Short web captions
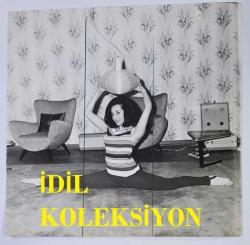 YEŞİLÇAM'IN UNUTULMAZ OYUNCUSU LEYLA SAYAR'IN ORİJİNAL BÜYÜK BOY FOTOĞRAFI - 18 x 18 cm EBADINDA - LEYLA SAYAR, EVİNDE AEROBİK YAPARKEN ÇEKİLMİŞ BİR KARE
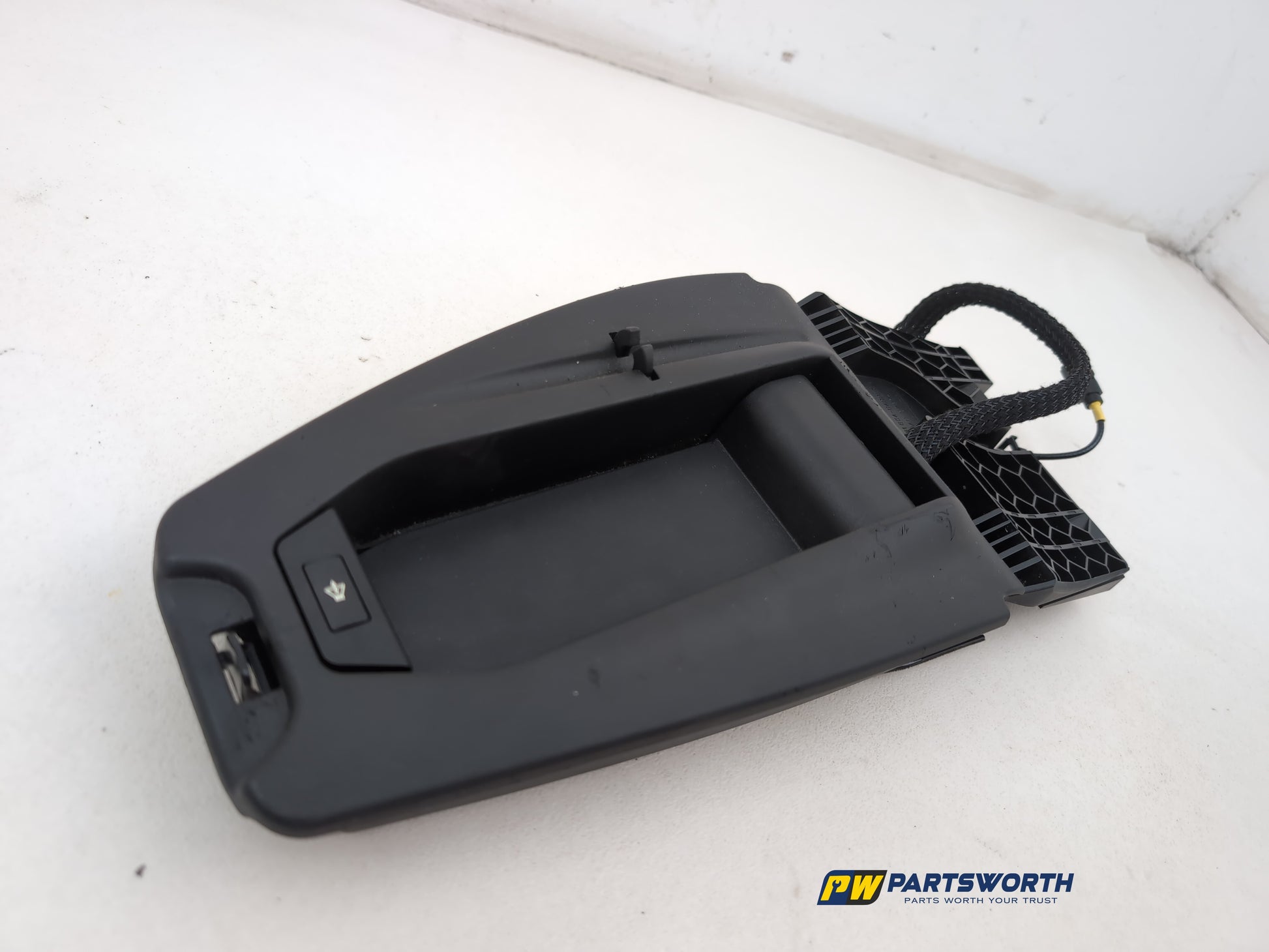 Centre Console Trim  4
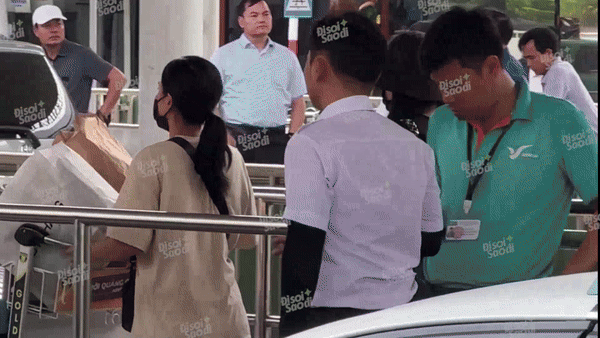 Tóm dính Hoàng Thùy Linh - Đen Vâu cùng về nhà riêng, nhà gái lộ rõ bụng bầu-15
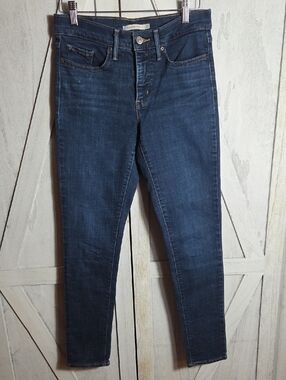 Levi's 311 Shaping Skinny Jeans Size 27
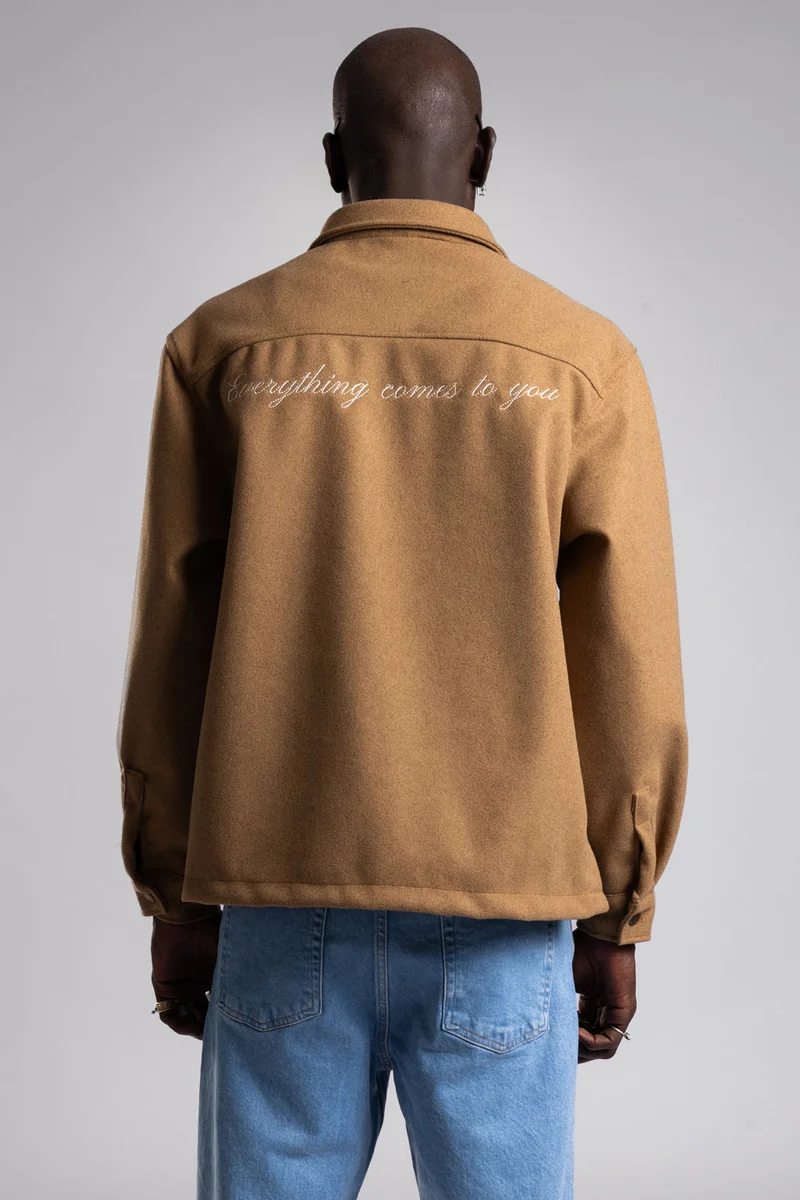 كاتش قميص من الكشمير بتفاصيل تطريز خلفية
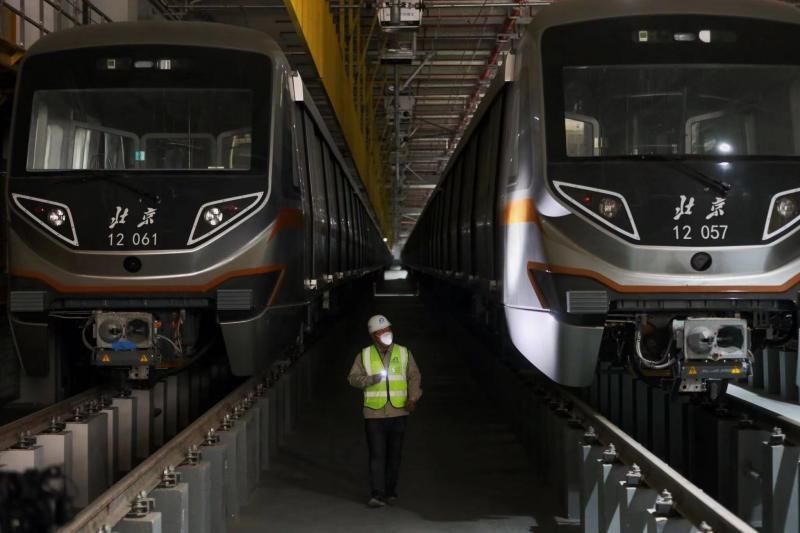 北京地铁12号线新车进场 工程加速推进_腾讯新闻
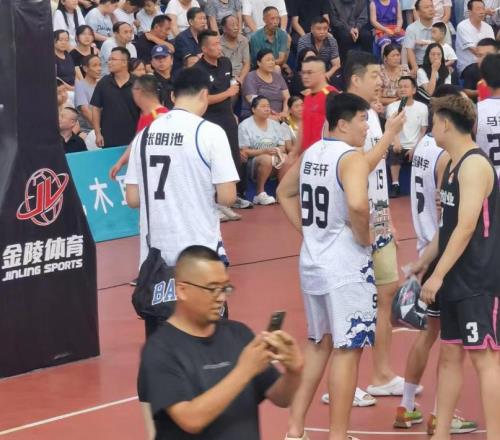 已经离队！曝广东男篮放弃2米13全能内线，未来或转战野球赛场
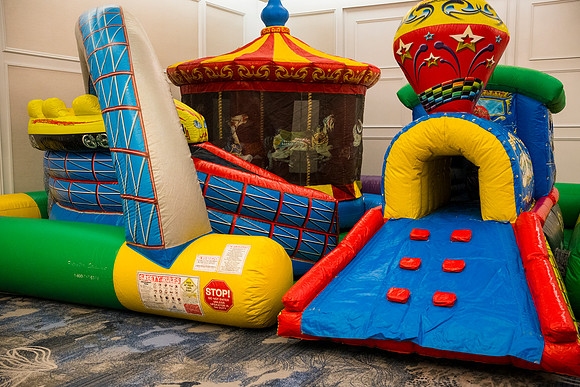 0328__12-20-25_Four-Seasons-Childrens-Holiday-Party-Rodney-Bailey-Photography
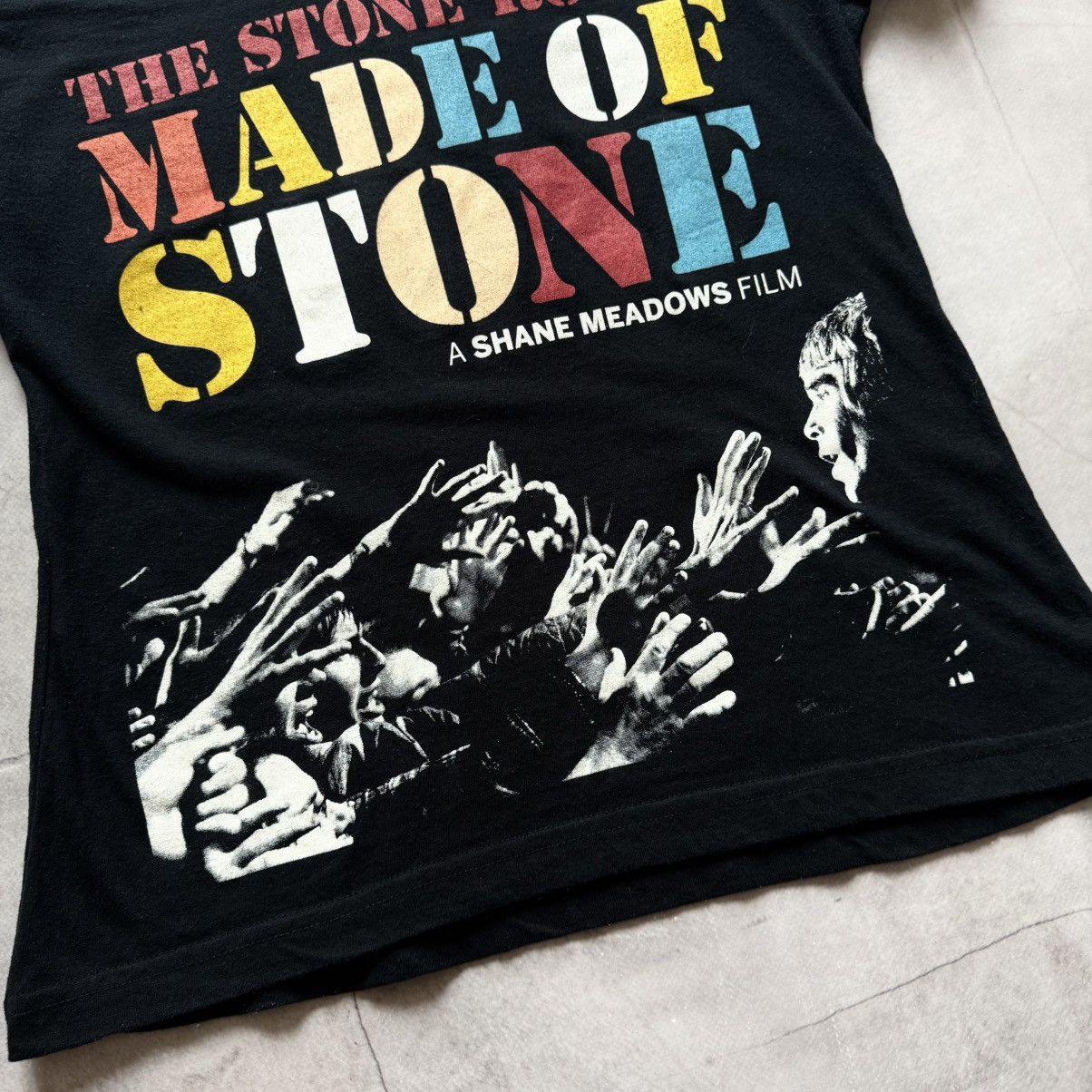 Band Tees The Stone Roses Made Of Stone Big Logo T-shirt Tee Y2K Size M / US 6-8 / IT 42-44 - 2 Thumbnail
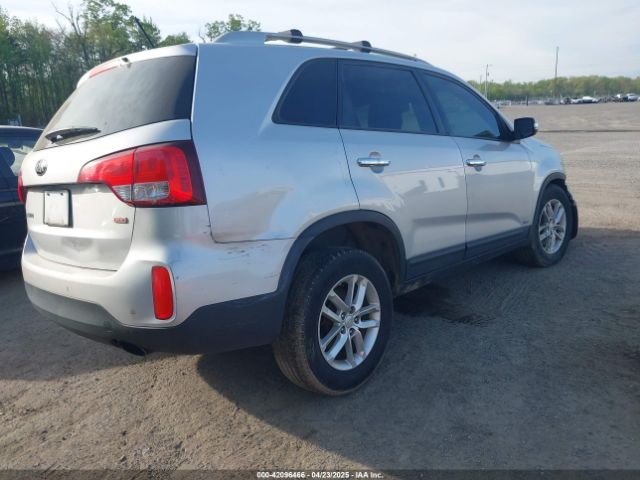 5XYKTDA64FG616118 KIA SORENTO LX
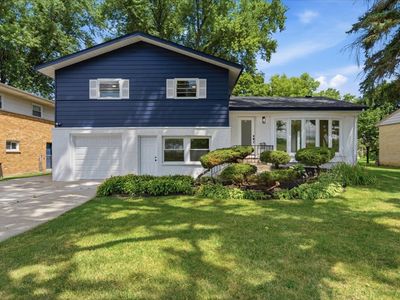 Property at 10 Linden Ave, Buffalo Grove, IL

WHAT YOU WILL DO ->
Take the lines from the one holding "Band Tees The" through the final line of the records above and output them exactly, both ends included, excluding pictures.

YOUR RESPONSE ->
 Band Tees The Stone Roses Made Of Stone Big Logo T-shirt Tee Y2K Size M / US 6-8 / IT 42-44 - 2 Thumbnail
 5XYKTDA64FG616118 KIA SORENTO LX
 Property at 10 Linden Ave, Buffalo Grove, IL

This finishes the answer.